Personal information
- Born: 6 November 1946 Leipzig, Allied-occupied Germany
- Died: 28 June 2026 (aged 79) Leipzig, Germany
- Nationality: German
- Playing position: Goalkeeper

Senior clubs
- Years: Team
- –: SC Leipzig

National team
- Years: Team / Apps
- 1966-1980: East Germany / 168

Medal record
Olympic Games
| Silver medal – second place | 1976 Montreal | Team |
| Bronze medal – third place | 1980 Moscow | Team |
World Championship
| Gold medal – first place | 1971 Netherlands |  |
| Gold medal – first place | 1975 Soviet Union |  |
| Gold medal – first place | 1978 Czechoslovakia |  |

= Hannelore Zober =

East German handball player (1946–2026)

Hannelore Zober (6 November 1946 – 28 June 2026) was an East German handball player who won the IHF World Women's Handball Championship three times.

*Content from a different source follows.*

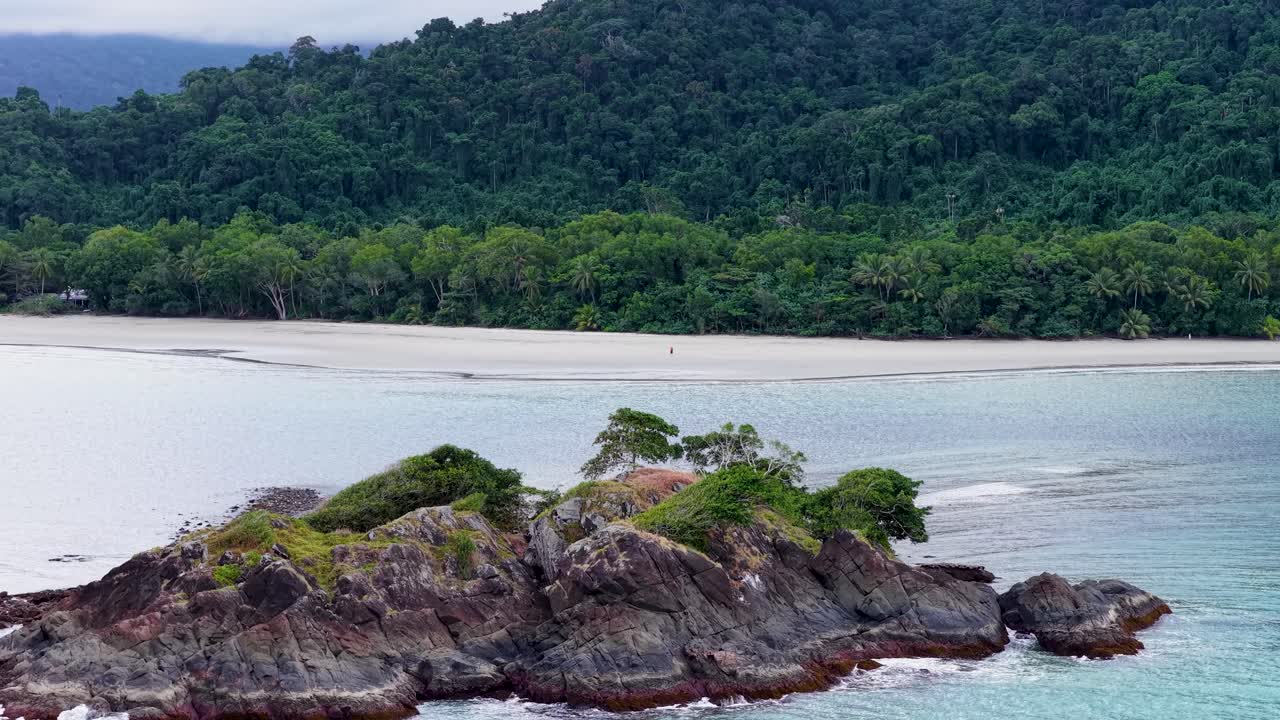 Aerial drone footage glides over a small rocky island with lush vegetation, revealing turquoise waters and dense rainforest coastline under soft, natural daylight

She also competed in the 1976 Summer Olympics and in the 1980 Summer Olympics.

In 1976 she won the silver medal with the East German team. She played four matches including the final as goalkeeper.

Four years later she won the bronze medal as a member of the East German team. She played all five matches as goalkeeper.

In 1976 and 1979 she was awarded the DDR Patriotic Order of Merit in bronze.

At club level she played for SC Leipzig, where she won the DDR-Championship 10 times and the 1966 and 1974 European Champions Cup.

Zober died on 28 June 2026, at the age of 79.